Fed up of Brexit? Or just had enough of bad news in general? Maybe you just need perking up! Either way, if you want an experience which takes you out of yourself, leaving you with a spring in your step and a smile on your face, ‘Vampires Rock’ is the show for you; quite simply superb and a delight from start to finish.
At first glance, ‘Vampires Rock’ is an absurdly simple concept; take some of the finest rock and metal songs of the 70’s and 80’s, use the imagery and backdrop of classic horror movies from the 30’s and 60’s and present it in a glitzy, sexy format using a plot as thin as the most basic of pantomimes to link it all together. And yet it works together like a dream!
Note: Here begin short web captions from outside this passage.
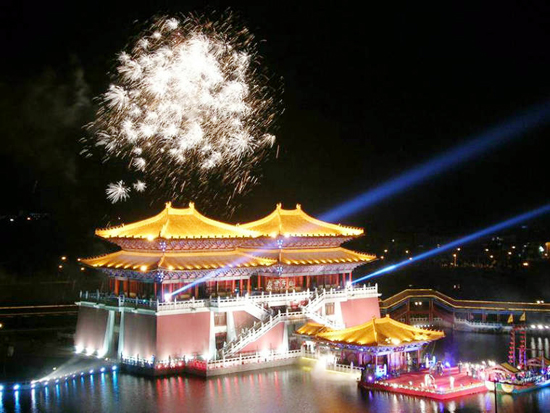 �����A�������� ��������p�µ��c���]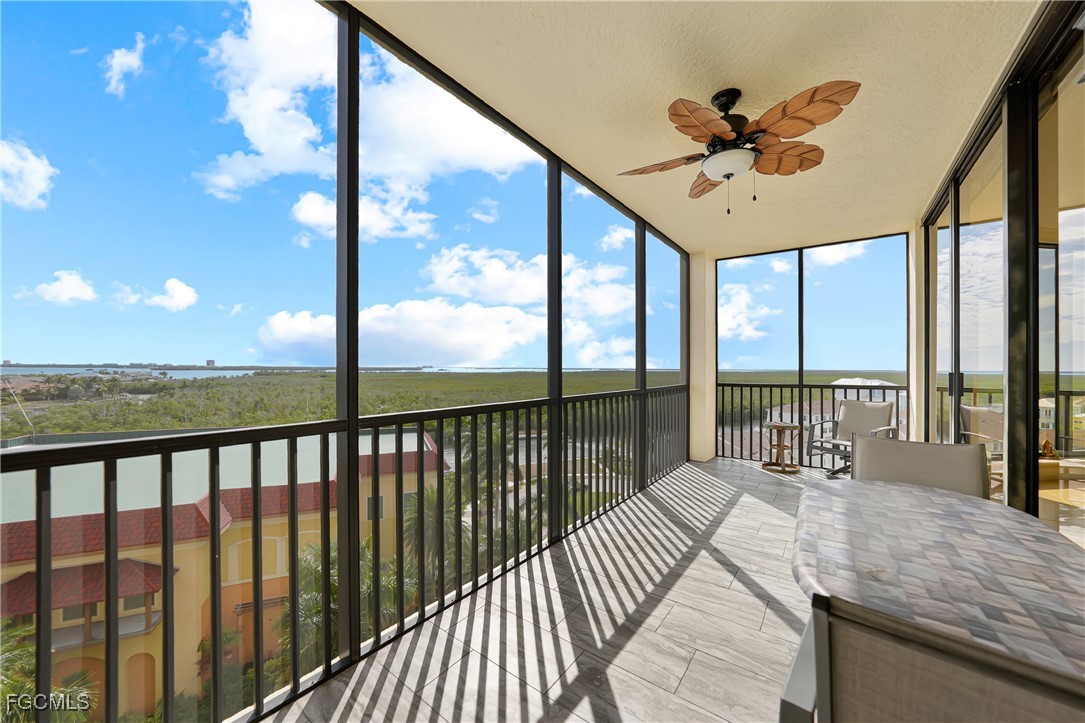 3 Bed Waterfront Home for Sale in Cape Harbour, photo 19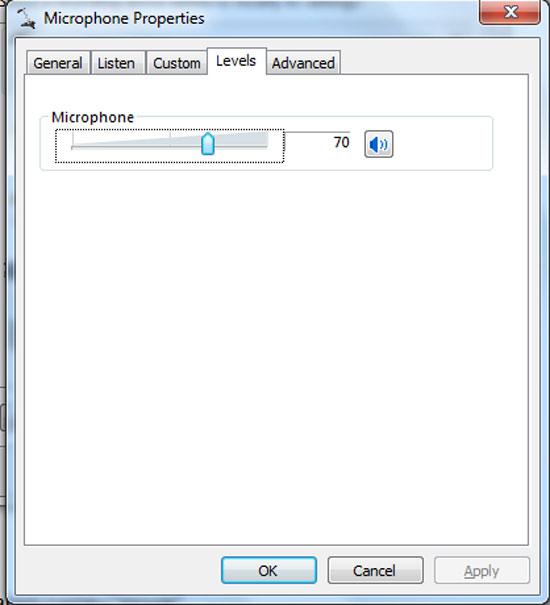 step-3- how to optimize windows 7 for recording audio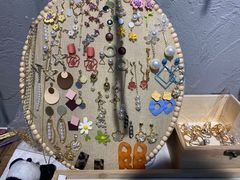 -100家灵感仓库·DIY团建(什刹海店)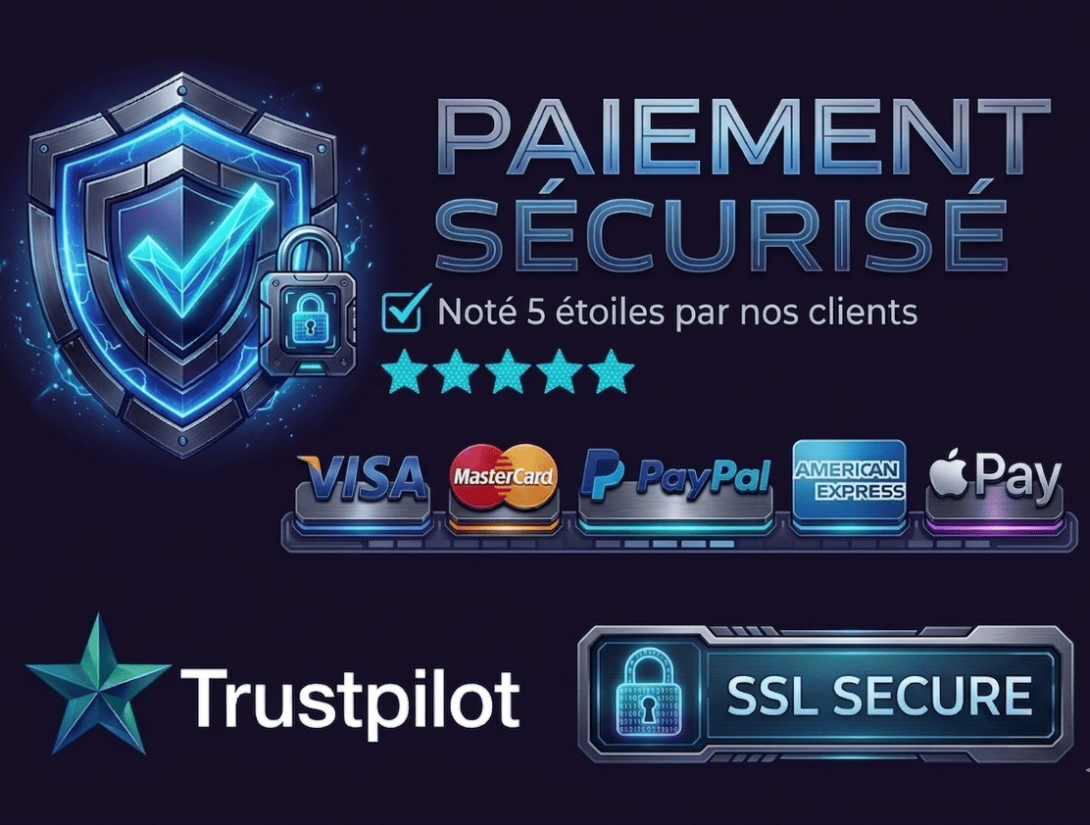 background compressed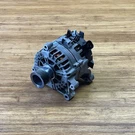 2023 2025 Bmw X1 U11 2.0L Engine Alternator & Charging Generator 5A504F9 Oem. Fixed Price $225.25.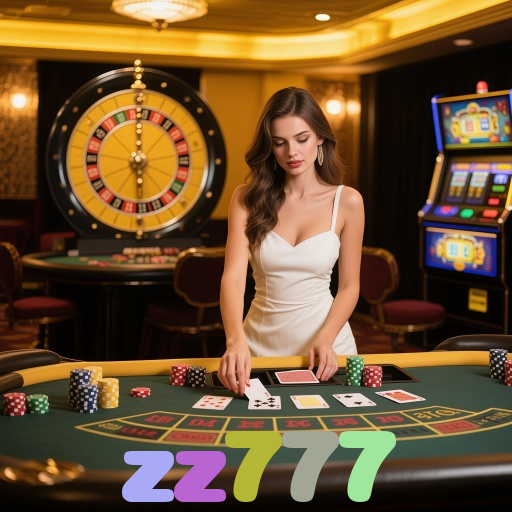 zz777: Aposta Facilmente com Funcionalidades Completas no Aplicativo Móvel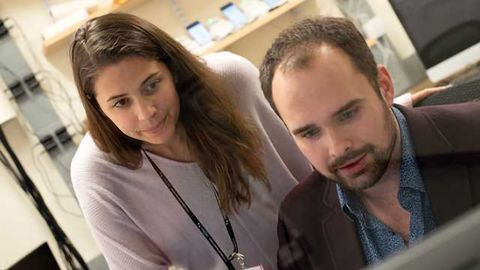 Wearable Sensor Offers Improved Way of Detecting Anxiety in Children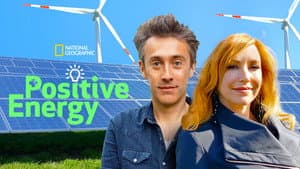 Positive Energy — foto 5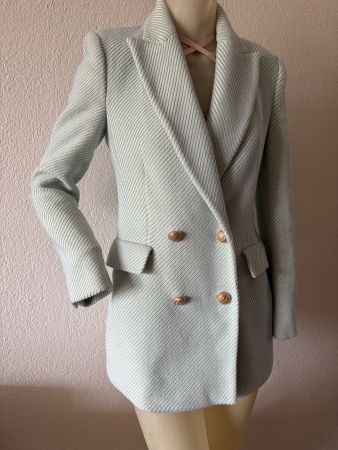 ZARA Blazer XS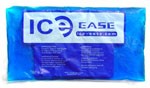 Ice Ease Packs reduce swelling and offers muscle and joint pain relief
The reason is that behind a self-deprecating comic style and an easy-going manner with the audience, ‘Vampires Rock’ is an object lesson in meticulous attention to detail and thorough all-round professionalism (with a brilliant array of costumes and impressive two-level stage).
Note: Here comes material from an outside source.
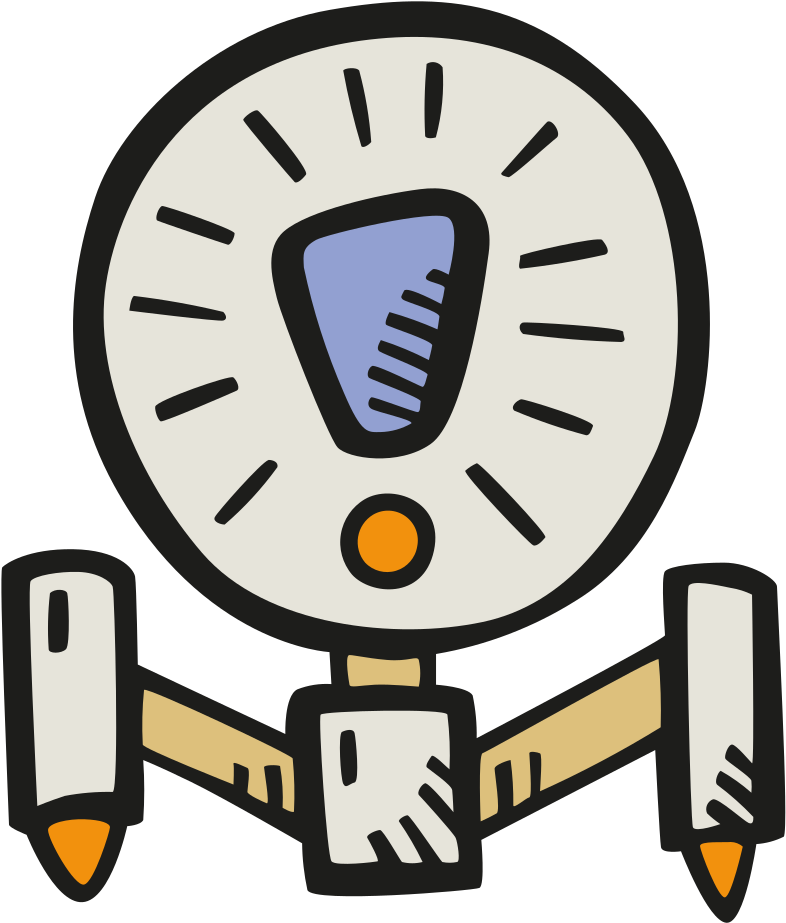 Download Svg Download Png - Spacecraft (1024x1024), Png Download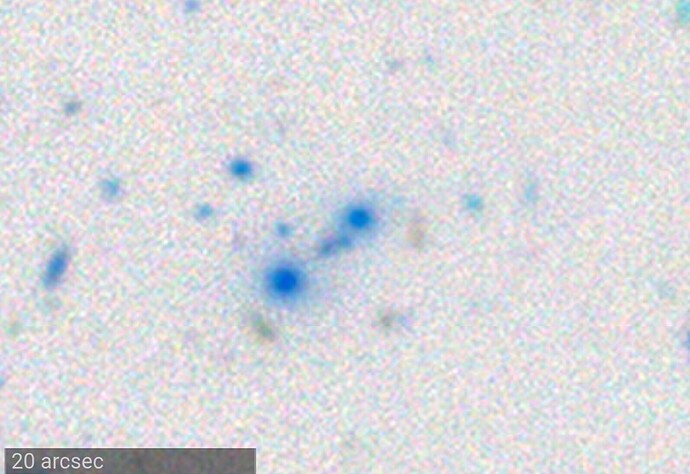 Negative Image_1758964552239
The show, having undergone a few incarnations, has its origins in Steve Steinman’s appearance as Meatloaf on ‘Stars In Their Eyes’ over twenty five years ago but has grown into something of an institution. ‘The Rocky Horror Show’ started off as a short fringe production in upstairs of a pub and ‘Vampires Rock’ has undergone a not dissimilar transformation, increasing in popularity year on year as it is continuously refined. Whilst remaining Mr Steinman’s project, the show has the warm feel of an ensemble with the musicians being very much up front and part of the performance whilst the dancers also sing and help drive the story. The full complement of six actor/singers and five musicians give the impression of a much bigger cast and the overall feel is of a big-budget West End extravaganza.
Steve Steinman, as Baron Von Rockula broke the fourth wall from start to finish, having an almost intimate relationship with the audience in spite of the size of the venue. Long-time associate John Evans provided the ideal foil to the Baron as Bosley the Janitor, with the show at times being reminiscent of a Morecombe and Wise double act. Emily Clark stepped in on this, the final date of the tour, as the devilish Vampire Queen (the role she played in previous years’ productions) and was clearly at home in the role, giving powerful renditions of ‘Highway To Hell’ and ‘How Do I Get You Alone’. Hayley Russell was well cast as the innocent Roxey Honey Box, going on to prove she was more than capable of delivering great rock classics such as ‘Total Eclipse Of The Heart’ and ‘Poison’. A special note must be made of the performances of Trixabelle Bold and Victoria Hawley, effectively an excellent double act as the dancers and backing singers, taking the whole show up a notch with sensual choreography and backing vocals; nobody was overshadowed in ‘Vampires Rock’.
A review would be incomplete without particular attention of the band; five great musicians who each gave added energy and showmanship, moving seamlessly around the cast, clearly having as good a time as the audience. Henry Bird and Jamie Hiscox alternated in playing lead breaks through the extensive musical repertoire, either side of powerful skin-beater, Pete Jean. Bass player Zoe Parr took full advantage of a commanding position on the top level to strut her stuff, flanked on stage right by Andy Preston, adept at every rock genre on the keyboards. It was great to see such a competent band so intimately involved with the whole performance.